ACEUM, contingents tarifaires et commerce laitier : comprendre les règles du marché canadien

Le commerce laitier international est l’un des sujets les plus sensibles de la politique agricole canadienne. Le Canada protège une partie de son marché laitier par la gestion de l’offre, mais il importe tout de même des volumes importants de fromage, de beurre, de lait, de crème, de poudres et d’autres produits laitiers.

Ces importations sont encadrées par des accords commerciaux et par des contingents tarifaires, souvent appelés TRQ en anglais.

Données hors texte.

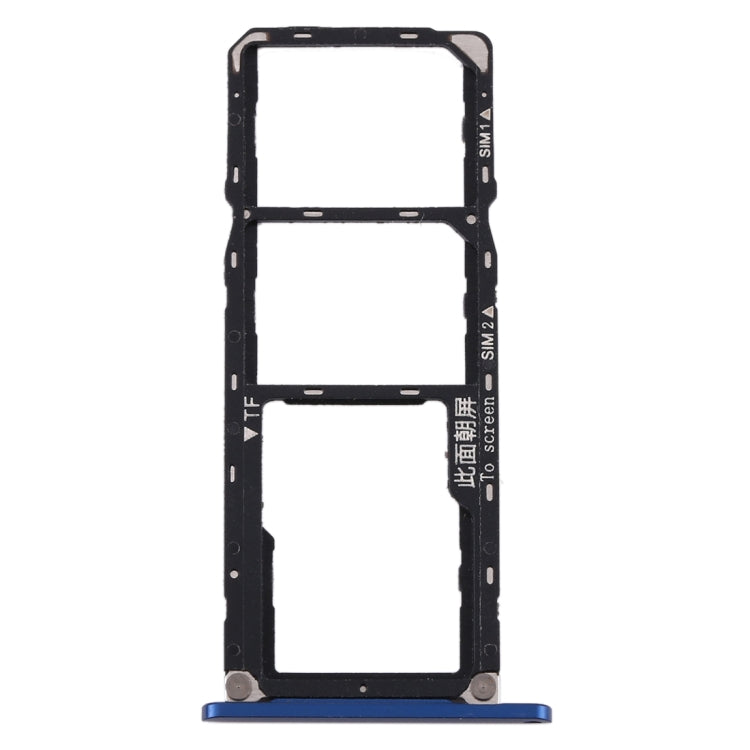 SIM Card Tray + SIM Card Tray + Micro SD Card Tray for Huawei Enjoy Max (Blue) - free shipping - PMc TechLife - Order now!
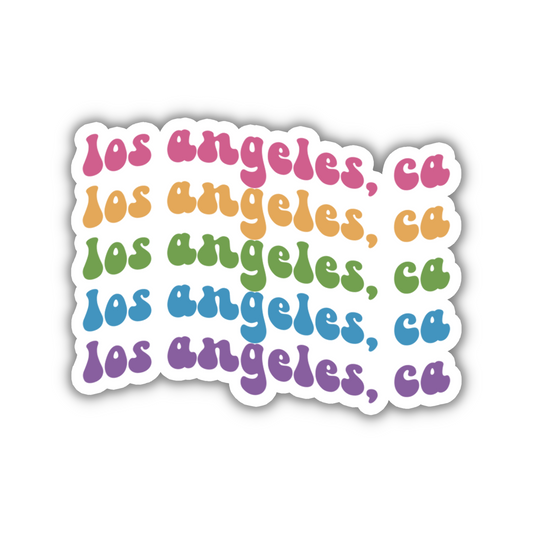 Los Angeles, CA Retro Sticker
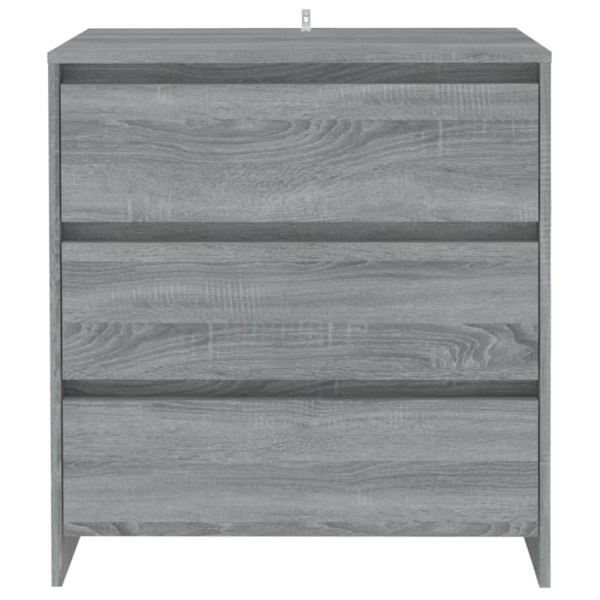Aparador de madera contrachapada gris Sonoma 70x41x75 cm Aparador de madera contrachapada gris Sonoma 70x41x75 cm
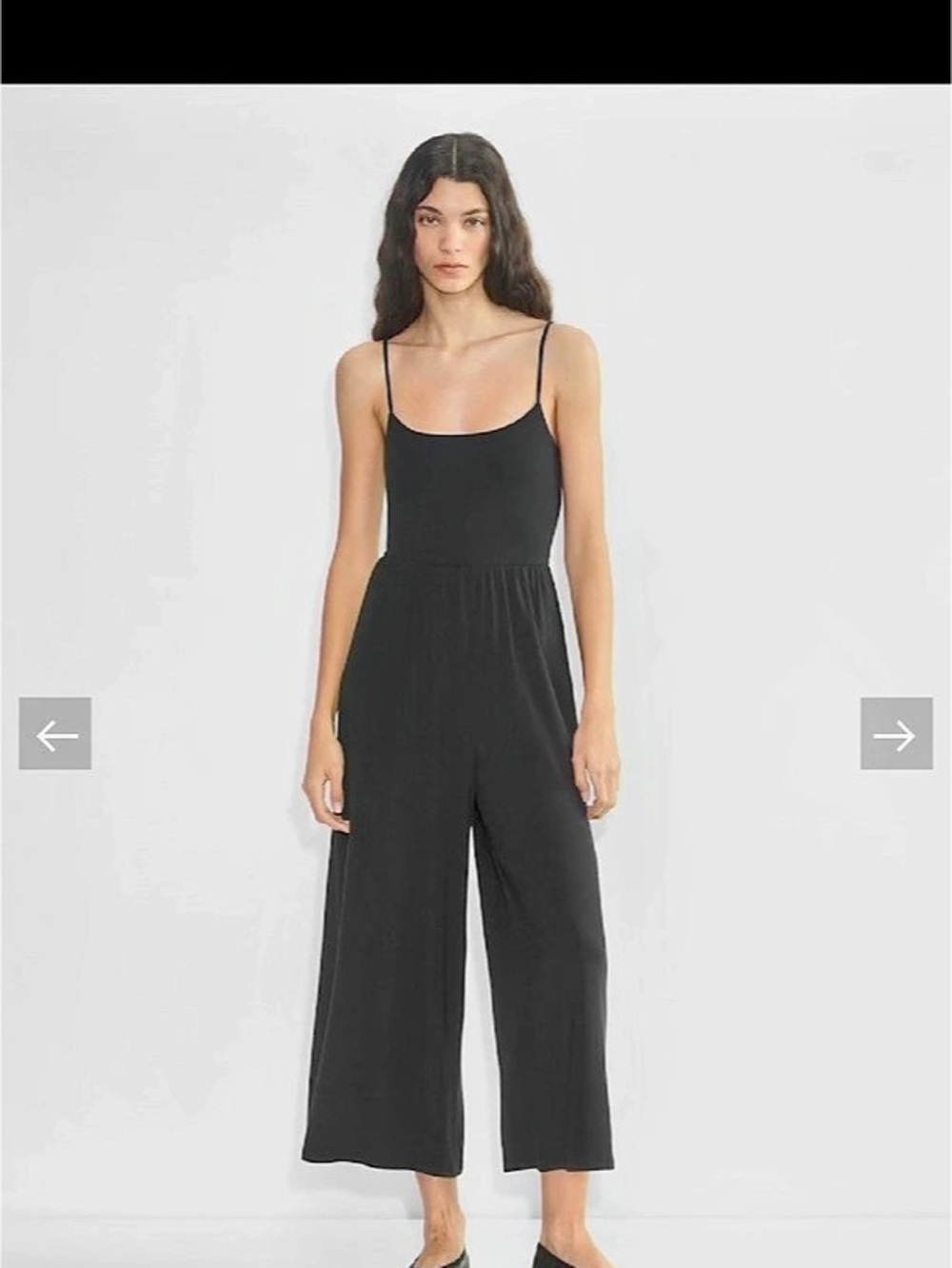 Aritzia Wilfred Free Freestyle Flare Jumpsuit Black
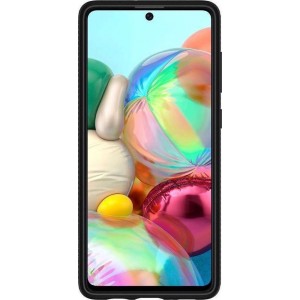 Hoesje Samsung Galaxy A71 - Spigen Liquid Air Case - Zwart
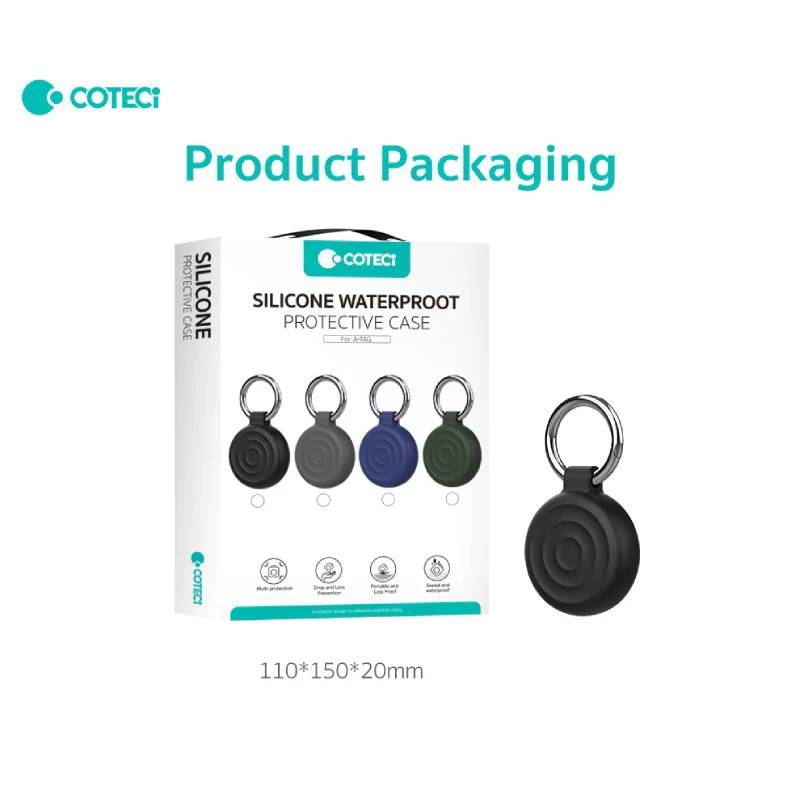 Coteci Silicone Waterproof Protective Case for Apple AirTag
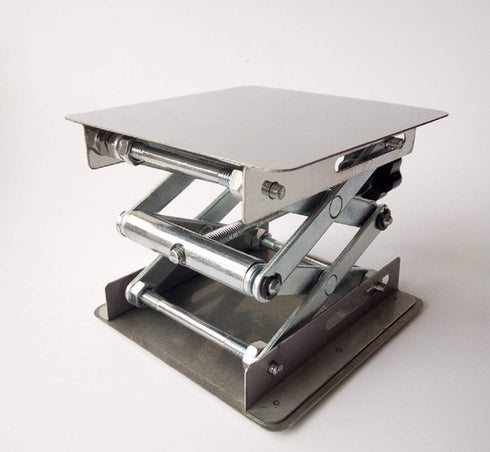 Stainless Steel Lab Jack Scissor Stand Platform, 8" x 8"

L’ACEUM, qui lie le Canada, les États-Unis et le Mexique, a accordé de nouveaux accès au marché canadien pour plusieurs catégories de produits laitiers américains.

Cette page explique ce qu’est un contingent tarifaire, comment l’ACEUM encadre le commerce laitier, pourquoi l’administration des contingents est contestée par les États-Unis et comment le commerce international influence directement les producteurs canadiens.

Drapeaux du Canada et des États-Unis côte à côte
Les drapeaux du Canada et des États-Unis, côte à côte.

Qu’est-ce qu’un contingent tarifaire?

Un contingent tarifaire permet l’importation d’une quantité déterminée d’un produit à un tarif réduit, parfois nul. Une fois ce volume dépassé, un tarif beaucoup plus élevé peut s’appliquer.

Le principe n’est donc pas de fermer complètement le marché. Il consiste à accorder un certain accès aux produits étrangers tout en limitant l’ampleur des importations à tarif préférentiel.

Dans l’ACEUM, le Canada s’est engagé à ouvrir des contingents spécifiques aux produits originaires des États-Unis pour le lait, la crème, le beurre, les poudres de lait, le fromage, le yogourt, la crème glacée et plusieurs autres catégories.

Pourquoi les contingents sont-ils importants pour la gestion de l’offre?

Le contrôle des importations constitue l’un des trois piliers de la gestion de l’offre.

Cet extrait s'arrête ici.